* [TASK TO COMPLETE] Below are the entries to work from; restate word for word the portion that opens with the line containing "Monogrammed Leather Structured Tote Bag" and closes with the line containing "Wheat Earth mousepad", keeping both.

* [INPUT DATA]
== == ==
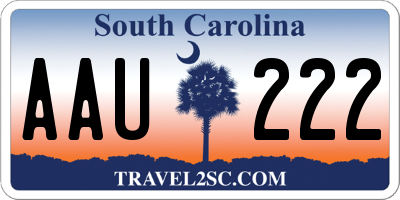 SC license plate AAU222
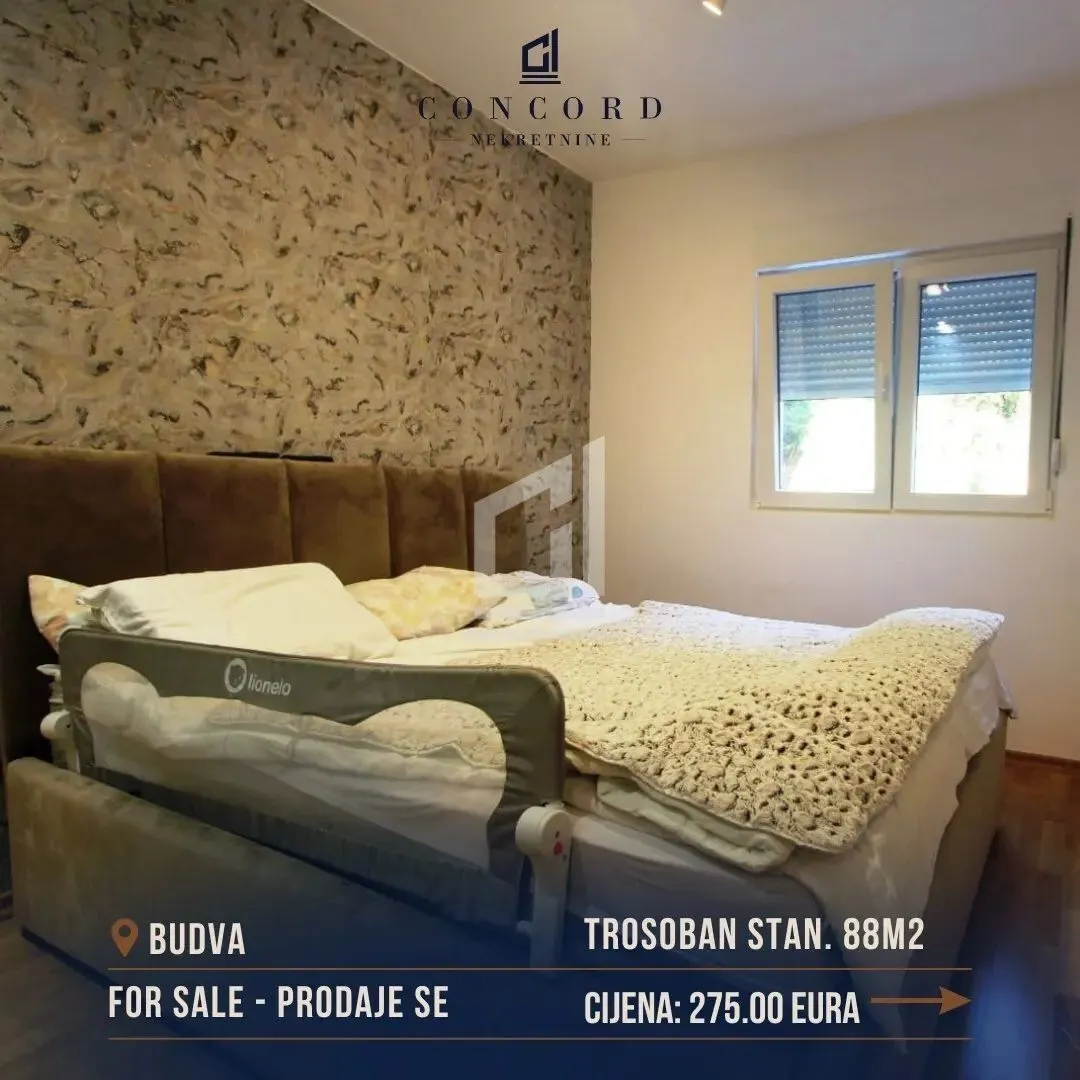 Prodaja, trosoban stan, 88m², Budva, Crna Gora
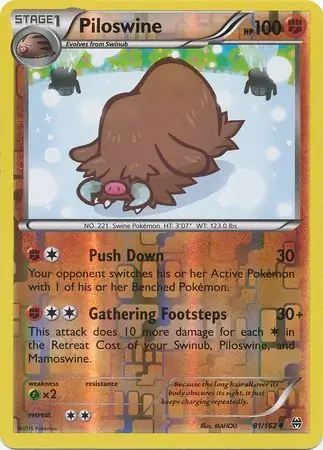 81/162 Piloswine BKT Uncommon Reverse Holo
== == ==
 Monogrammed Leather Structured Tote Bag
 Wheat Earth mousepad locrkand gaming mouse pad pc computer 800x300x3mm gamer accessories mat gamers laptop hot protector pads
== == ==
* [OUTPUT FOR THIS TASK]
 Monogrammed Leather Structured Tote Bag
 Wheat Earth mousepad locrkand gaming mouse pad pc computer 800x300x3mm gamer accessories mat gamers laptop hot protector pads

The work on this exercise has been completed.